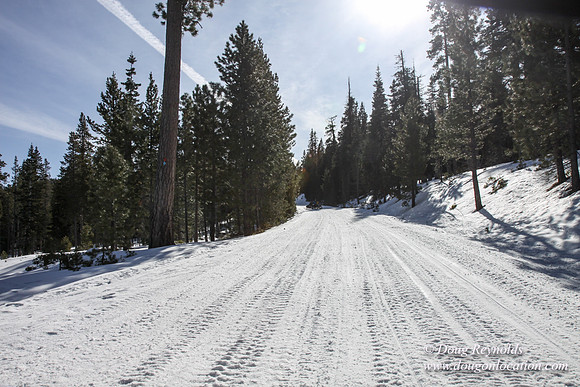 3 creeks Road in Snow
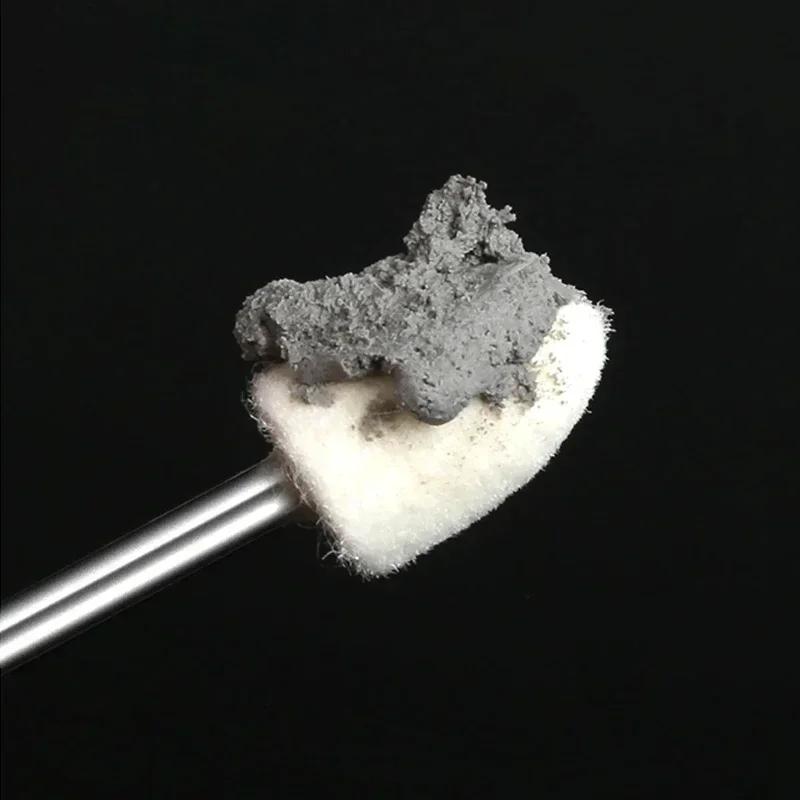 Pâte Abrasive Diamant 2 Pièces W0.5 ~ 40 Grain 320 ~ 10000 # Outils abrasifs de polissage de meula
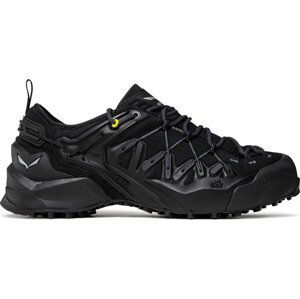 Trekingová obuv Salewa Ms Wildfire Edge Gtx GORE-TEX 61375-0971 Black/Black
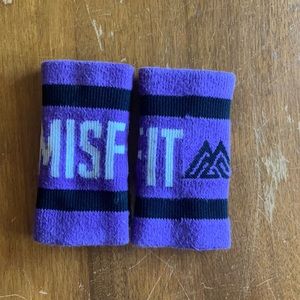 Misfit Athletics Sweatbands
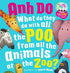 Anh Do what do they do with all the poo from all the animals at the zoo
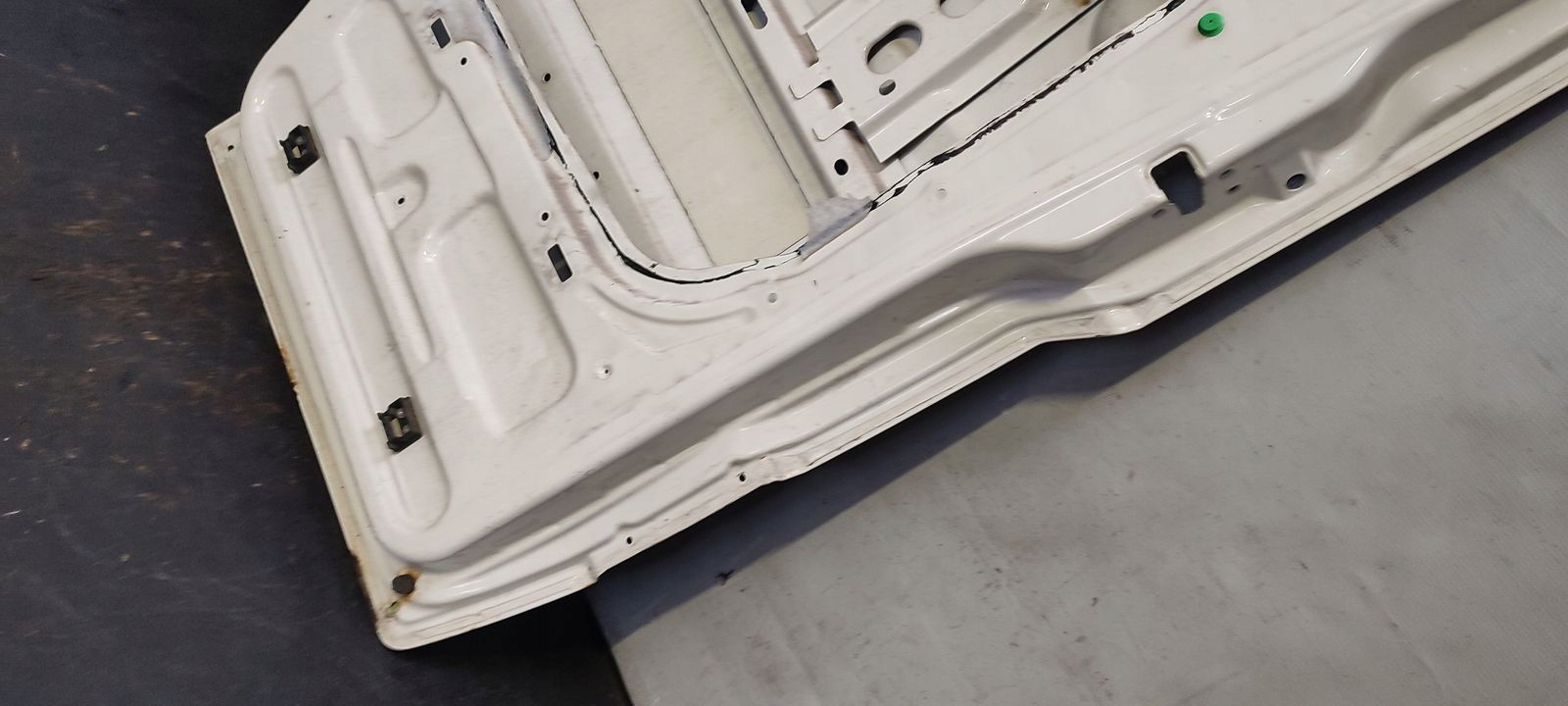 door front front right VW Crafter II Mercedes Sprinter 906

○ ○ ○

Exercise goal =
Print exactly, and print only, the lines from the line with "Misfit Athletics Sweatbands" through the last line of the entries, both ends included. No pictures belong in the result.

Response to the exercise =
 Misfit Athletics Sweatbands
 Anh Do what do they do with all the poo from all the animals at the zoo
 door front front right VW Crafter II Mercedes Sprinter 906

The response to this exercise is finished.